Many have argued that Tebow should and could be the starter over Mark Sanchez. There is never-ending talks about a competition between the two.
Among all this discussion, everyone is forgetting the potential that this pairing could bring.
Going into the offseason, the Jets needed to bring in weapons. Their biggest concerns were at wide receiver, running back and on the offensive line. Aside from drafting Stephen Hill, they did not appear to bring in anything for Sanchez.
That is not true, they brought in Tebow.
All this discussion over a competition almost makes it feel as if Sanchez and Tebow are not on the same team. The two could actually work together and be a dangerous force.
Tebow brings a unique element to the Jets and could be a valuable weapon for Sanchez if the Jets manage to use him correctly.
Tebow can run, throw and catch the football. This opens up many possibilities for the Jets offense.
The Jets replaced Brian Schottenheimer with Tony Sparano as their offensive coordinator. Sparano is known for utilizing wildcat packages when he was head coach of the Miami Dolphins. This is obviously a good fit for Tebow.
Teams are going to have to take time to prepare for the wildcat, which in turn, takes away preparation time for Sanchez and the rest of the offense.

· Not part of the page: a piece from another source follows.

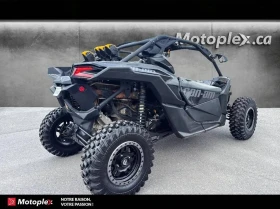 Can-Am Maverick X3 * Ds Turbo* RR* UTILITY VEHICLE* | Auto.bg — изображение 3 Can-Am Maverick X3 * Ds Turbo* RR* UTILITY VEHICLE* | Auto.bg — изображение 3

This will help give Sanchez an edge, as teams will always have to be concerned about Tebow running the ball.
Try and picture this situation: Sanchez pitches the ball back to Tebow, who runs to the left for five yards. The next play, Sanchez fakes a pitch to Tebow and hits Holmes over the middle for 10 yards. The next play, Sanchez pitches the ball to Tebow, who rolls out and throws a pass to Keller.
The amount of possibilities that Sanchez and Tebow could have together might help their offense become more unpredictable and successful.
People are so concerned over Tebow as the quarterback that they are forgetting the real reason he was brought in. He was brought in to open up opportunities for Sanchez and the offense.
Jets fans should be excited about the offensive possibilities instead of worrying about a quarterback competition; one doesn't even exist.